2002 was also the year that stories about corporate irresponsibility surfaced in spades. CEOs of Enron, WorldCom, Vivendi and Marconi went from heroes to zeros, as the corporate governance debacle spread in the USA and Europe.

And whilst there was no shortage of rhetoric about lessons learnt, there was no serious attempt to make CSR reporting more rigorous and worse still, little pressure on corporations to meet higher standards of corporate governance. So I welcomed Ed Miliband’s assertions at the recent Labour Party Conference, that we need a new corporate culture to address the problem of the asset strippers and profiteering predators in our society.

I think he’s right; we need a paradigm shift in our institutional culture and consciousness in the public AND private sector. But like anything new that encompasses radical and worthwhile ideas – it is much easier to conceptualize than implement.
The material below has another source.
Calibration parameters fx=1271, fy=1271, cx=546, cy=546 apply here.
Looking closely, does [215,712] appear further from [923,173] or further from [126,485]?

Cynics at Johannesburg moaned about an implementation gap and still lament the fact that many sustainability reports lack transparency, rigour and credibility. The Universities that Count Sustainability reporting and benchmarking process has also been criticised along similar lines because it focussed more on process than assessing impact.
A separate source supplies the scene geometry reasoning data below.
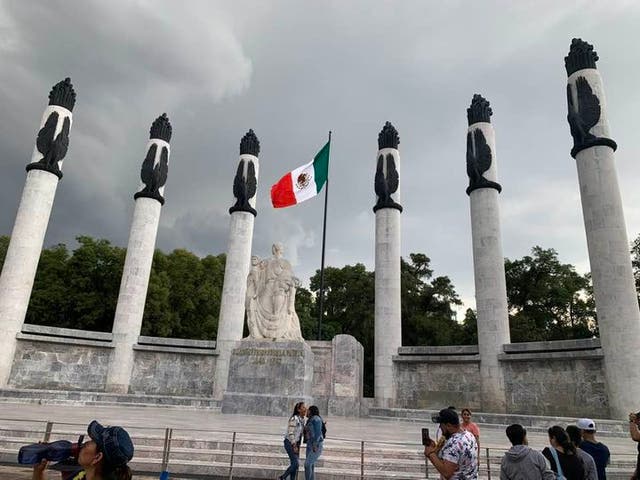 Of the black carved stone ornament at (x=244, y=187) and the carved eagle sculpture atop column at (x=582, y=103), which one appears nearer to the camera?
the carved eagle sculpture atop column at (x=582, y=103)

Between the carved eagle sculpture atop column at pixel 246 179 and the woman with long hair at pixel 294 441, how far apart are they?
1930cm

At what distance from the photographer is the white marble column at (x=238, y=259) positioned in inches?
856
Let’s face up to it; there is a huge gap between the stuff that gets reported and rewarded and the reality in most of our universities and colleges. It’s still pretty much business as usual with a few pioneering green stalwarts struggling to initiate real change, especially in reform of the curriculum and teaching and learning. The new LIFE Index must seriously address this challenge.
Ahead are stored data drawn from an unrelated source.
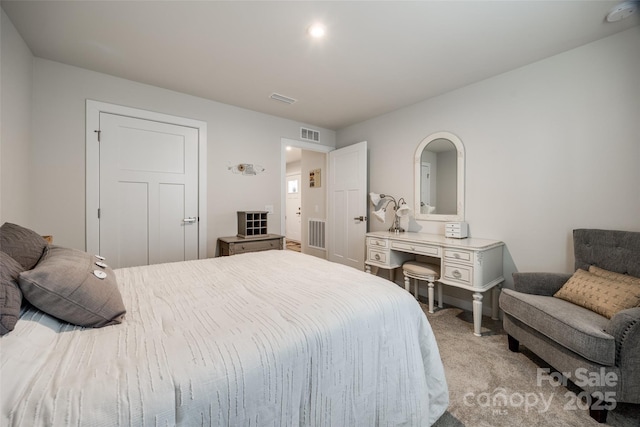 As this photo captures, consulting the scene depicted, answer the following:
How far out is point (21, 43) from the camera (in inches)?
78.9

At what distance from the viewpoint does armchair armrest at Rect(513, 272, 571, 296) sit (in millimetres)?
1982

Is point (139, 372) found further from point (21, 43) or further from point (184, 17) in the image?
point (21, 43)

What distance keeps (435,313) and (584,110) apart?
2.30m

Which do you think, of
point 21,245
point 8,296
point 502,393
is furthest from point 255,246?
point 502,393

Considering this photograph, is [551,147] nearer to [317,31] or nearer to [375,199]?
[375,199]

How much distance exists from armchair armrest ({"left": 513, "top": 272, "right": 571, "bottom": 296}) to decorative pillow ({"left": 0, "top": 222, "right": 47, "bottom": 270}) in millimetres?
3100

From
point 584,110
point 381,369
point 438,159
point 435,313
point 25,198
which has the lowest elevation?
point 435,313

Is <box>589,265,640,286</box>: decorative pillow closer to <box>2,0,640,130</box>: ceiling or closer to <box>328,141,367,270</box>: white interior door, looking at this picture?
<box>2,0,640,130</box>: ceiling

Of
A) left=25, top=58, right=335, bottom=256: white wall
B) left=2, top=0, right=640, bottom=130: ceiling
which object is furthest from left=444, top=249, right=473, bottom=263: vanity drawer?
left=25, top=58, right=335, bottom=256: white wall

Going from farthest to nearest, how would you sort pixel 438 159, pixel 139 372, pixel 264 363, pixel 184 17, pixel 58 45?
pixel 438 159 → pixel 58 45 → pixel 184 17 → pixel 264 363 → pixel 139 372

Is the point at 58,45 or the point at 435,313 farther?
the point at 435,313

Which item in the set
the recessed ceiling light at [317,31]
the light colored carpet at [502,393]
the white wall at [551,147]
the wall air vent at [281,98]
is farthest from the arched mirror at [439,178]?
the recessed ceiling light at [317,31]

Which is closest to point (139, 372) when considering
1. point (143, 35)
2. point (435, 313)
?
point (143, 35)

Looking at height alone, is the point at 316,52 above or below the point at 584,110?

I agree with a commentary by Rory Sullivan in August, that sustainability reports should acknowledge both the good and the bad aspects of progress towards being more sustainable. But as he stresses most reports have an “unhealthy fixation on good news and corporate PR”.

Much of the current criticism of sustainability reports as well as some celebratory awards that have surfaced alongside them reflects the limited influence they have had on institutional performance. If the reporting and awarding process is reduced to a form of tokenism then it is a failure. And the good reporters are also not necessarily the best performers. The true value of performance reporting is in facilitating greater efficiency and effectiveness by identifying and remedying weaknesses.

Celebrating failure seems to be catching on too, but in a different way to “tokenistic failure”: a new Stanley Cup sized award called “the Heroic Failure Award“has just been introduced in the USA to reward creative risk taking! I wonder if celebrating heroic failure of this kind should be the next evolutionary step in sustainability reporting.

Ideas on measuring and celebrating progress through sustainability reports, indicators and awards have proliferated in the wake of the Rio and Johannesburg Earth Summits. Of course they have their place in motivating individuals and organisations but if they are to make a real contribution to sustainable development they must ultimately contribute to action that leads to transformation in our prevailing model of progress which is predicated on unlimited consumption driven growth.

Steve Martin

1 comment:

  1. Quite right Steve - I've noticed a gap between glossy sustainability reports and what actually goes on at institutions. To keep their integrity, academic institutions need to give a balanced view and not cherry-pick data, but sustainability reports seem to focus on a few (often trivial) token achievements while ignoring any sustainability initiatives that have closed down during the year, even ones which they trumpeted in last year's report. Probably the biggest problem is that institutions count the creation of strategies as a success, whether or not those strategies have been embraced and put into practice by the university at large or not. That's also true for ISO14001, which does not prove that a university is 'sustainable' (as glossy brochures may imply), just that it has an EMS and sets itself goals to achieve each year (which can be very small goals). In general I'd like to see sustainability moving away from being a managerial/marketing/CR exercise, and more an aspect of professional responsibility of all staff.